My wife and I have been married for 15 years and we have 4 children, We have not had the dream perfect marriage but we have made things work. We have 2 children who have some spectrum issues and 2 rather "normal" children. the issue at hand is intamacy or rather lack of it. I completely understand with 4 children it is really difficult to find time but it really isn't the time it is more the desire. Let me back track a moment. We met in college and I fell in love at first sight then when we got to know each other more the feeling was stronger. I have always been completely in love and physically attracted to my wife through preganacies and moods I have always still seen my wife as the most beautiful woman in the world and to this moment I still feel that way. I am and have always been attracted to her. I have always had a feeling that the reverse was not true of her. As the years of our marriage went on the intimacy was less and less and in the past 7 years it has been next to none.
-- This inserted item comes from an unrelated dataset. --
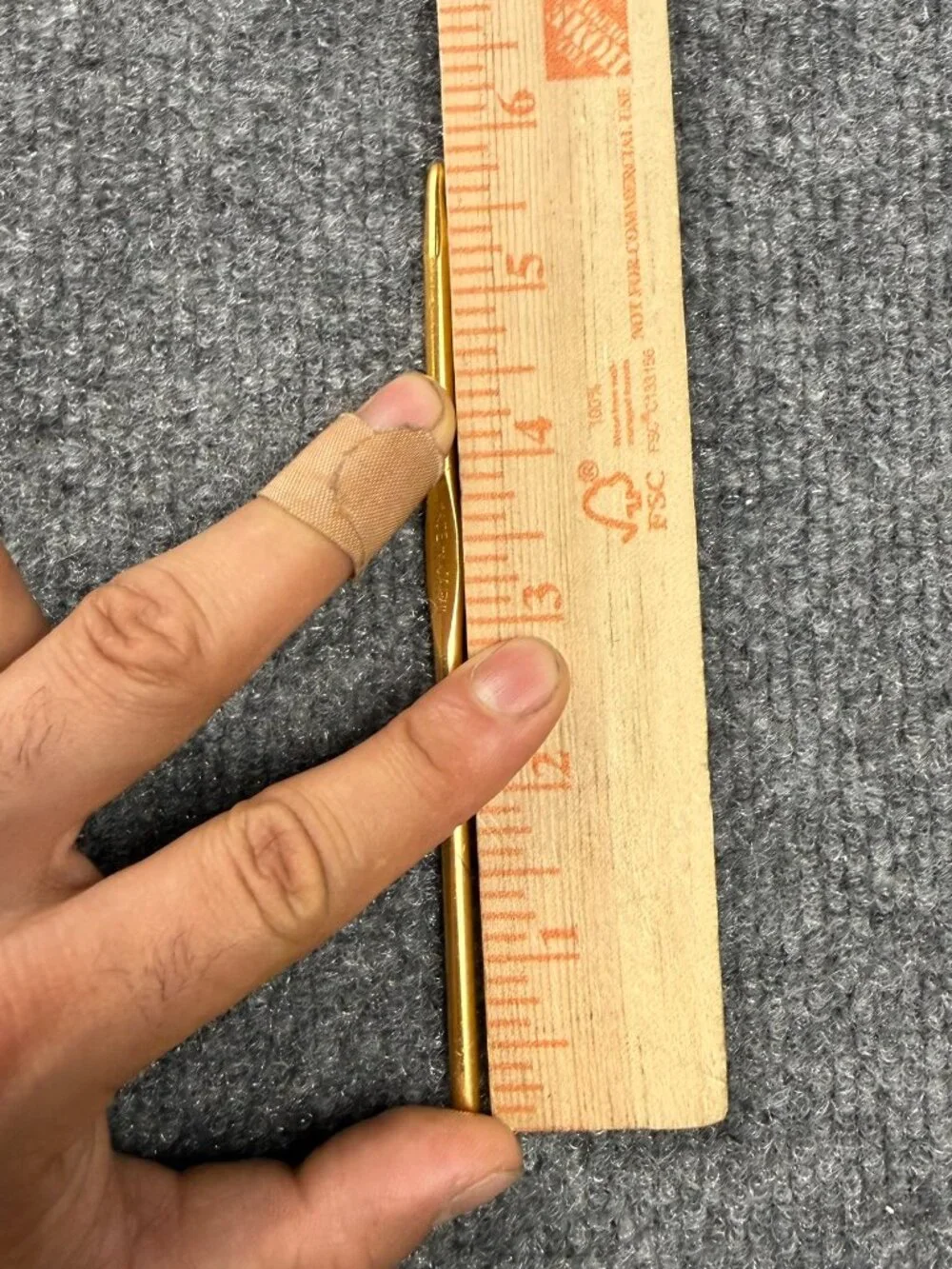 Vintage Boye Size G 4.0mm Crochet Hook Aluminum Gold Tone Made in Japan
As far as me I am a good father and husband in very good shape but I don't think that is it. I just feel like she has never really been that attracts to me. I think the fact that I have always been nice and loving was more important but a physical relationship is also huge in a relationship. I am left feeling horrible pretty much everyday. Not having intimacy is huge but knowing that the person who you are attracted to does not feel the same way is almost worse. I am at a crossroads of seriously having a talk about divorce. I just want to be with someone who feels for method same way I feel for her. Every time we talk about it there is always something else we decide could b the problem but honestly after years and knowledge I think my first instinct so many years ago was the right now. Now what? I live everyday in pain and feeling like there is a huge whole in my life. We could stay married forever and I don't want to leave her but I also want a complete relationship I can't stand not "feeling" anymore. I have no idea what to think but I thought I would at least get advice from other.


----------